The Massachusetts version of the UILA “contains numerous variations, omissions and additional matter” as compared to the official text of the uniform act. In re Liquidation of American Mutual Liability Ins. Co., 434 Mass. 272, 289 n. 18 (citation omitted).
This appears to be one of the “variations” mentioned in the preceding footnote: the UILA’s official text limits this provision to delinquency proceedings in the forum or a reciprocal state (that is, a state which has adopted the UILA or similar insurance insolvency scheme). See the Twin City Bank case cited in the text for a discussion of Pennsylvania as a “reciprocal” state.
In addition to G.L.c. 175, §§180F, two other statutes are worth noting as indicative of Massachusetts policy on this issue.

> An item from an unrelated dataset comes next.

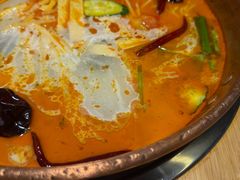 -洱火云南酸菜牛肉火锅(石景山当代商城店)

G.L.c. 175, §180G sets out a proof of claim procedure for claimants against insurers in liquidation — not rehabilita*40tion — proceedings, and provides that judgments taken against the insured after a liquidation order will not be considered in liquidation proceedings as evidence of liability or amount of damages. The statute does not, however, stay actions against policyholders of the insolvent insurer.
G.L.c. 175D, §15 imposes an automatic stay for six months, which may be extended by court order, of “[a]U proceedings in which the insolvent insurer is a party in any court in this commonwealth ... to permit proper defense of the [Massachusetts Insurers Insolvency] Fund of all pending causes of action.” This statute, too, stops short of imposing a stay of actions against insureds.